[SOURCE INFORMATION]
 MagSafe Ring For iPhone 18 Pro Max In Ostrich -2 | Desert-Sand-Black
[/SOURCE INFORMATION]
[SOURCE INFORMATION]
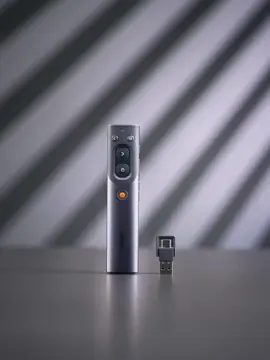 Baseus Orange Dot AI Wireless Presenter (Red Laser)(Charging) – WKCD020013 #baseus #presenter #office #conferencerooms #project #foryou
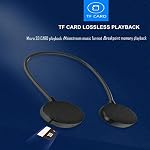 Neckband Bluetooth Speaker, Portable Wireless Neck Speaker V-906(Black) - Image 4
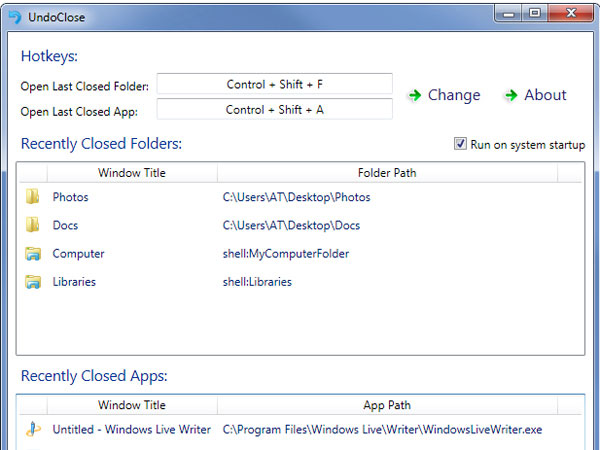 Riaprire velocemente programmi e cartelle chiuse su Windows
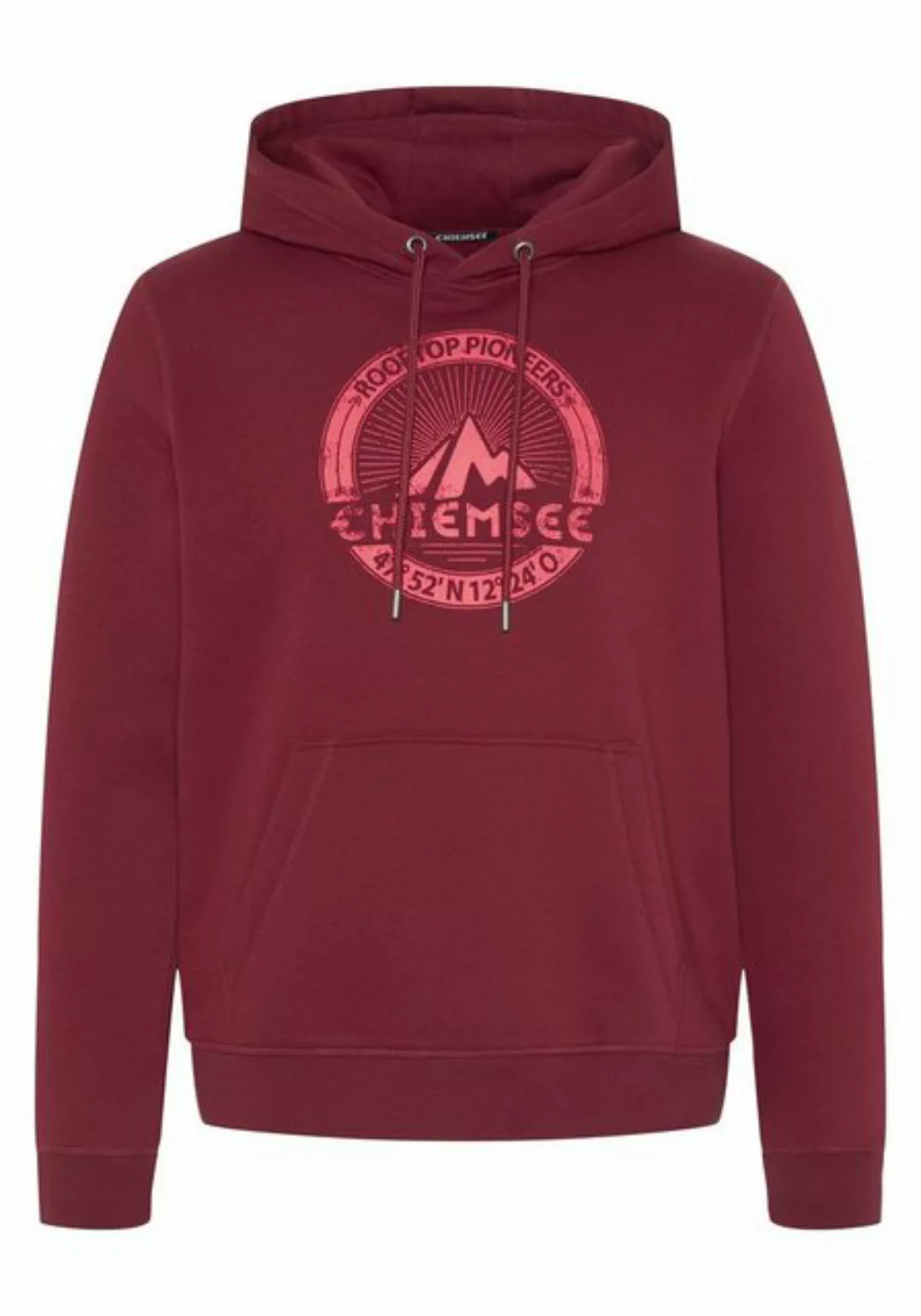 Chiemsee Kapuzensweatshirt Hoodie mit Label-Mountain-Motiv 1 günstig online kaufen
[/SOURCE INFORMATION]
EXERCISE => In the listing above, find the line containing "Neckband Bluetooth Speaker, Portable". Output it and every line after it up to and including the line containing "Chiemsee Kapuzensweatshirt Hoodie", exactly, but skip the pictures.

RESULT FOR THIS TASK =>
 Neckband Bluetooth Speaker, Portable Wireless Neck Speaker V-906(Black) - Image 4
 Riaprire velocemente programmi e cartelle chiuse su Windows
 Chiemsee Kapuzensweatshirt Hoodie mit Label-Mountain-Motiv 1 günstig online kaufen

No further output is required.